Respiratory Physiology and Gas Exchange for NEET PG 2026

Respiratory physiology is the second densest NEET PG physiology block after cardiovascular because the oxygen-hemoglobin dissociation curve, V/Q matching, and PFT interpretation all have clean clinical correlates that examiners love. India-specific stems on high-altitude pulmonary oedema, tuberculosis-related restrictive disease, and biomass-fuel COPD push the topic even higher in yield.

This NEETPGAI deep dive walks through every lung volume and capacity, compliance and elastance, dead space, V/Q matching, the oxygen and carbon dioxide dissociation curves, Bohr and Haldane effects, hypoxia classification, work of breathing, PFT interpretation, and the chemoreceptor control of ventilation. Pair it with the cardiovascular physiology guide for a complete cardiopulmonary map.

Lung volumes and capacities

A capacity is the sum of two or more volumes. At rest in a 70 kg adult man:

Cannot be measured by spirometry — RV, FRC, TLC (because each contains RV). Use helium dilution, nitrogen washout, or body plethysmography.

FRC is the resting equilibrium volume of the lung-chest system where outward chest-wall elastic recoil equals inward lung elastic recoil. It is the most important capacity clinically — it is the reservoir of oxygen between breaths and is reduced in restrictive disease and raised in obstructive disease (air-trapping).

Compliance, elastance, and surfactant

Compliance (C) = delta volume / delta pressure (units L/cm H2O). It is the ease with which the lung expands. Normal lung compliance about 0.2 L/cm H2O, chest-wall compliance similar, total respiratory system compliance about 0.1 L/cm H2O.

Elastance (E) = 1 / C — stiffness, opposite of compliance.

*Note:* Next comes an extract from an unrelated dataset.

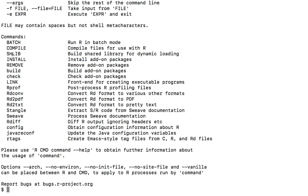The first one is to use R command. I'm using Mac, and I have R installed on my computer. So if I type R dash dash help, we are going to use this one, which is to build the shared library from dynamic loading.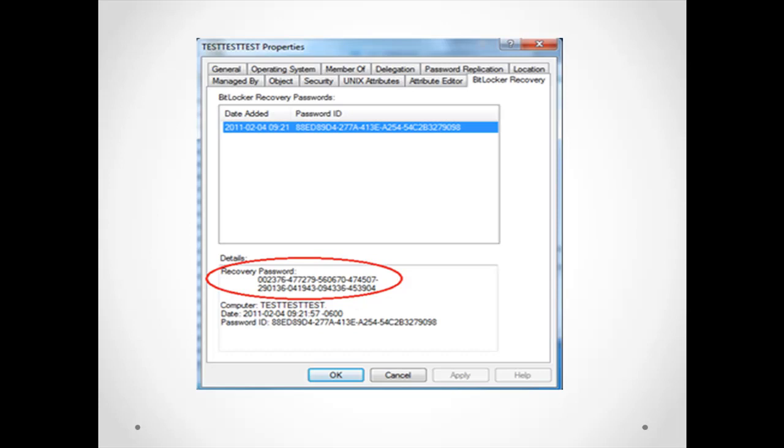And by the way, these pictures I just searched in Google and they're free pictures you can use and Google anytime. So you can see that you backed up the recovery key and the recovery key that you are using in case you need to unlock your drive.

• Raised compliance (floppier lungs) — emphysema (loss of elastic tissue), normal aging.
• Reduced compliance (stiffer lungs) — pulmonary fibrosis, pulmonary oedema, ARDS, atelectasis, surfactant deficiency, kyphoscoliosis.

Surfactant — dipalmitoylphosphatidylcholine (DPPC) produced by type II pneumocytes from week 24, mature by week 35. Reduces surface tension at the alveolar air-liquid interface. By the Laplace law (P = 2T/r), small alveoli would empty into large ones without surfactant — leading to atelectasis and the hyaline membrane disease (neonatal RDS) seen in preterm neonates.

L/S ratio above 2 in amniotic fluid signals lung maturity; antenatal betamethasone accelerates surfactant production.

Dead space — anatomical and physiological

Anatomical dead space = volume of conducting airways not participating in gas exchange. About 150 mL in adults (about 2 mL/kg). Includes nose, pharynx, larynx, trachea, bronchi up to terminal bronchioles.

Alveolar dead space = ventilated alveoli without perfusion (e.g., pulmonary embolism). Negligible in health.

Physiological dead space = anatomical plus alveolar. Calculated by the Bohr equation — VD/VT = (PaCO2 minus PECO2) / PaCO2. PaCO2 from arterial blood, PECO2 from mixed expired gas. Normal VD/VT about 0.3.

Minute ventilation = TV × RR (e.g., 500 × 12 = 6 L/min).

Alveolar ventilation = (TV minus VD) × RR (e.g., (500 minus 150) × 12 = 4.2 L/min). Only alveolar ventilation participates in gas exchange.

V/Q matching

Ideal V/Q ratio for whole lung is about 0.8 (alveolar ventilation 4.2 L/min divided by cardiac output 5 L/min).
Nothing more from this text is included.